- _Work order_
Output exactly, and only, the lines below from the one with "Express Tank Top. NWT. - Picture 4 of 5" down to the one with "sandero stepway 3". Include both end lines and no pictures.

··· Supplied records

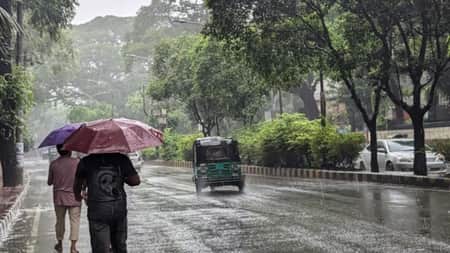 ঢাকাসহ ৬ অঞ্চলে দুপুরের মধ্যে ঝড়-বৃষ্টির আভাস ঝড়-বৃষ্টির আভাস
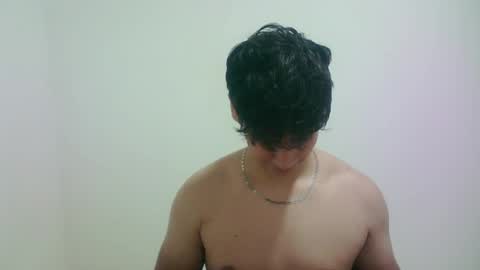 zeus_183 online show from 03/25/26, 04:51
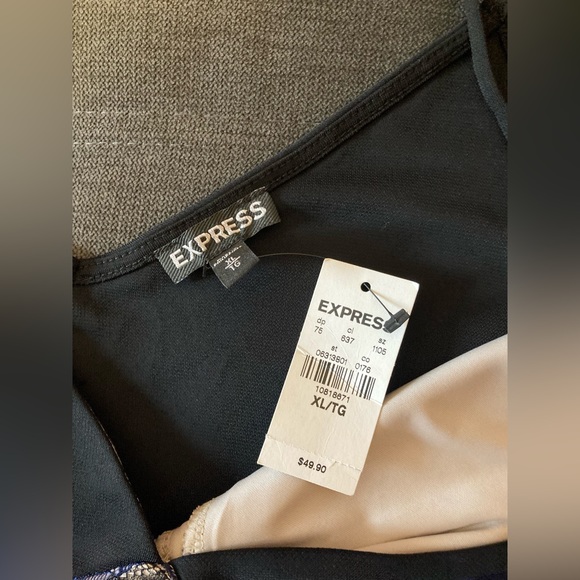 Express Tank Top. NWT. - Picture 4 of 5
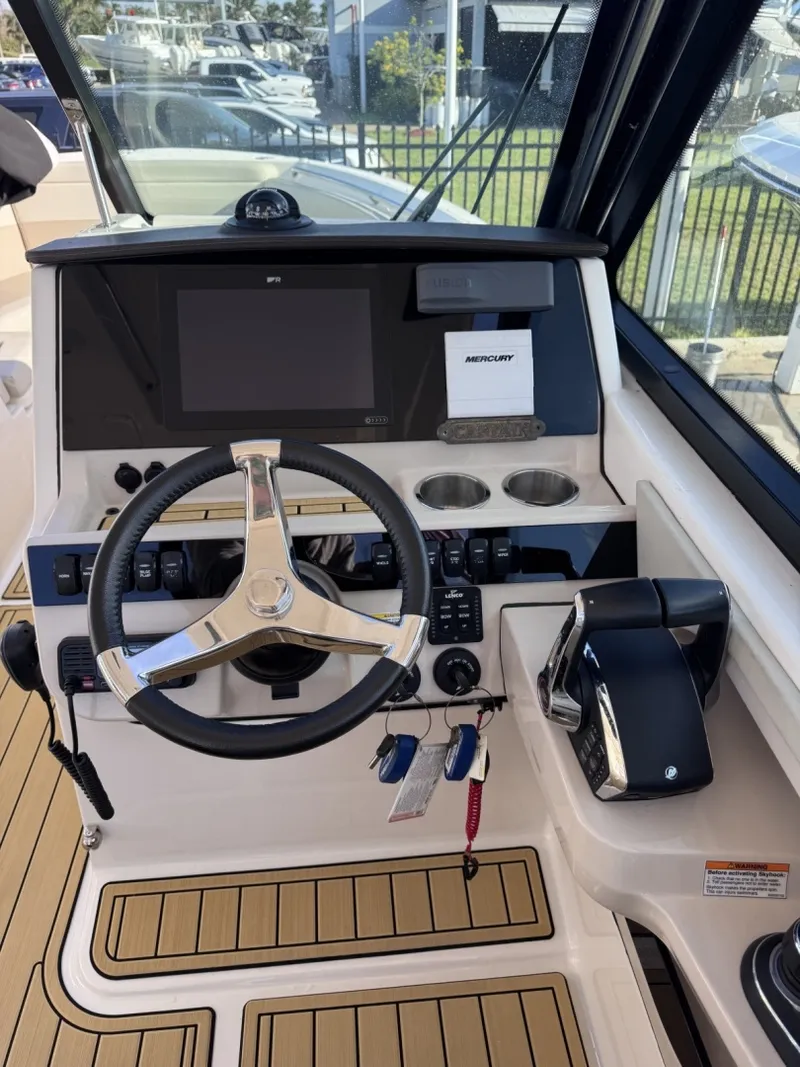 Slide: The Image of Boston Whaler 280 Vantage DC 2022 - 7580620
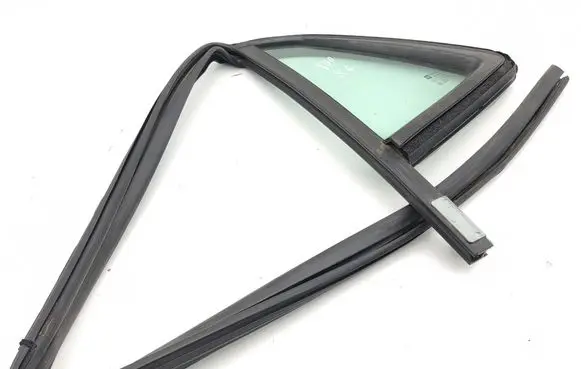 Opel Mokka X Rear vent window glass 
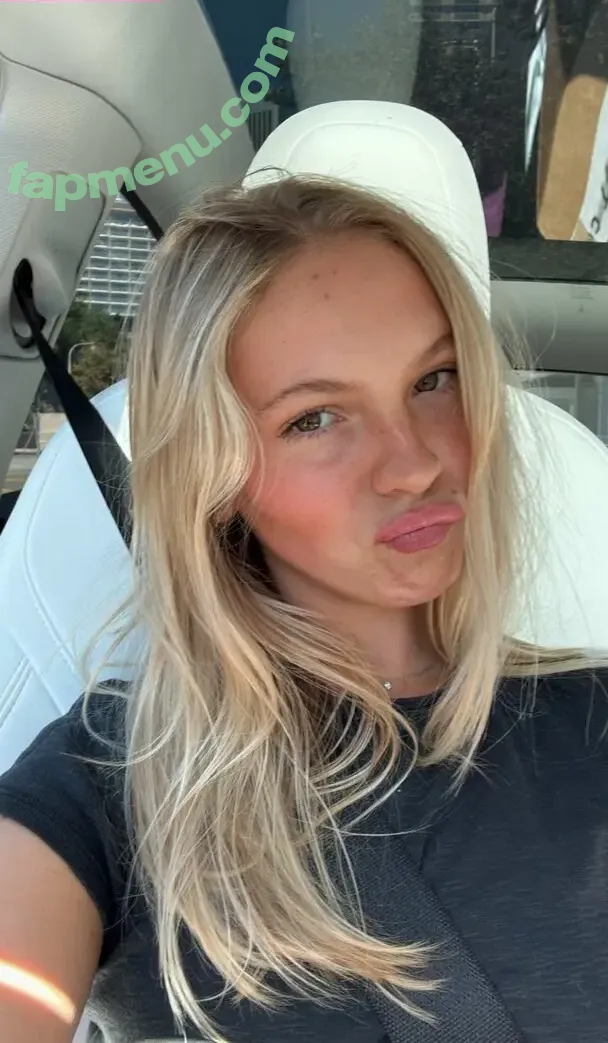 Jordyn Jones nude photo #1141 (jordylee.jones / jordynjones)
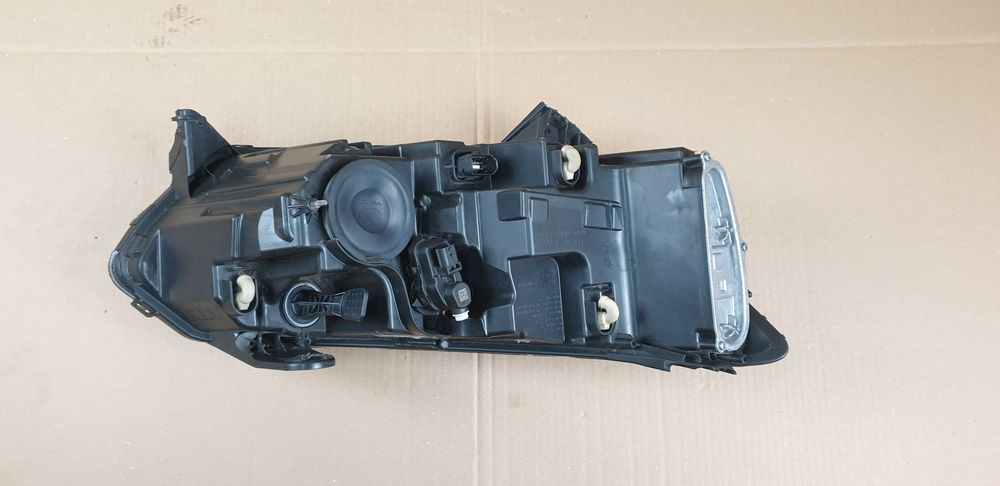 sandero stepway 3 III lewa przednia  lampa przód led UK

······
··· Supplied records

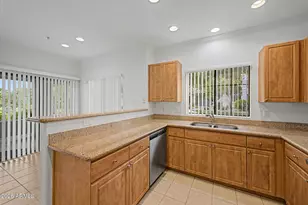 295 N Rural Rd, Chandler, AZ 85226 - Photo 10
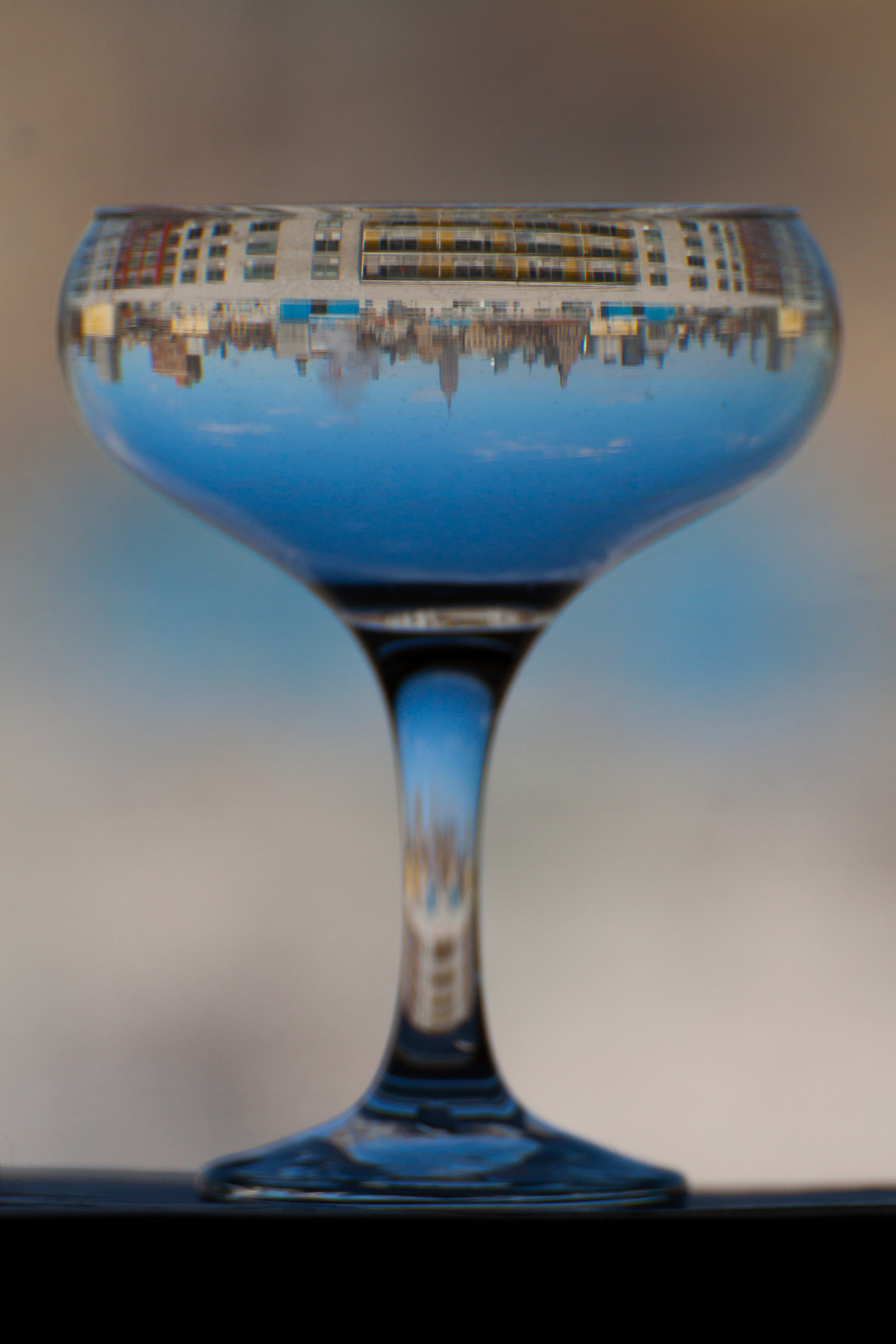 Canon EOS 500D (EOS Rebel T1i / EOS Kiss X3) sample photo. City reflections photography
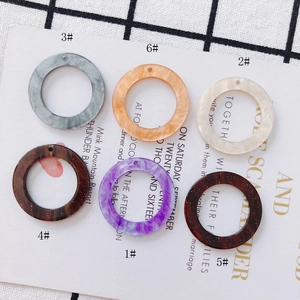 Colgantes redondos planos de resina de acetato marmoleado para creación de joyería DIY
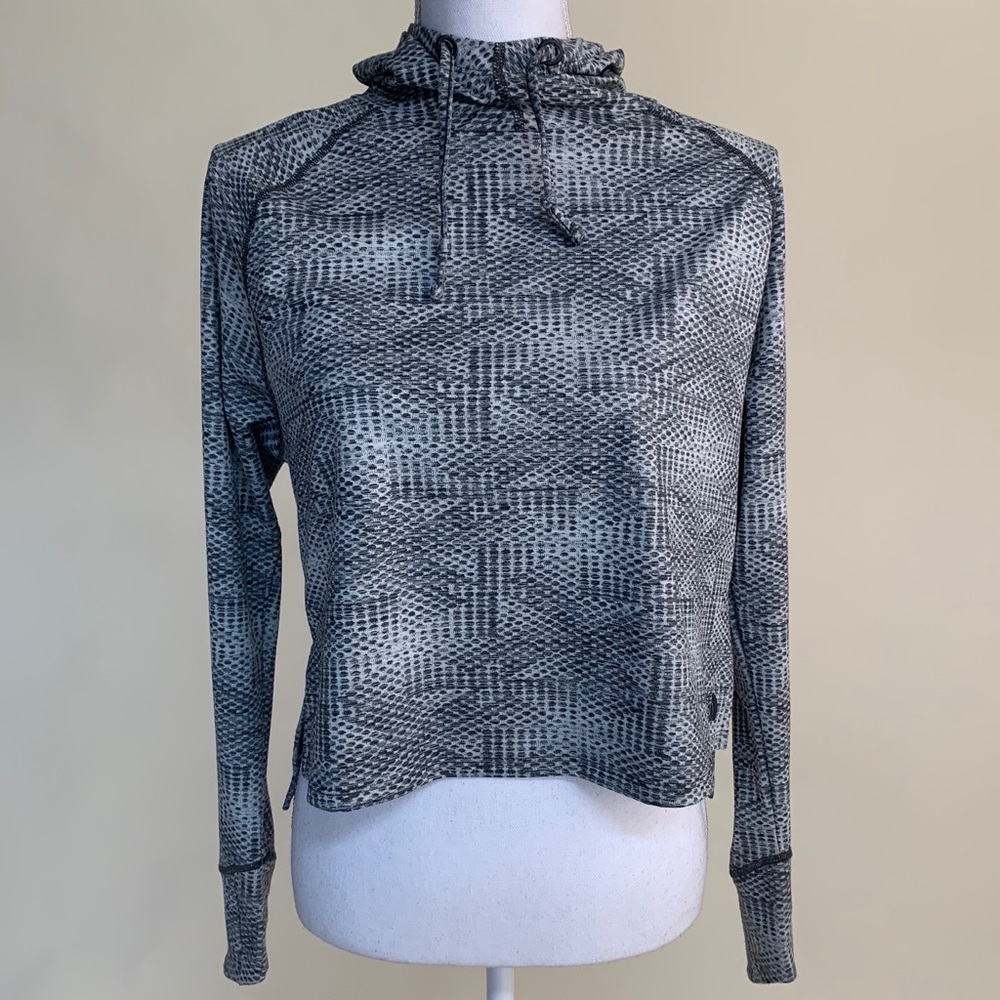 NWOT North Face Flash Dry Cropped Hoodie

······

- _Response to this task_
 Express Tank Top. NWT. - Picture 4 of 5
 Slide: The Image of Boston Whaler 280 Vantage DC 2022 - 7580620
 Opel Mokka X Rear vent window glass 
 Jordyn Jones nude photo #1141 (jordylee.jones / jordynjones)
 sandero stepway 3 III lewa przednia  lampa przód led UK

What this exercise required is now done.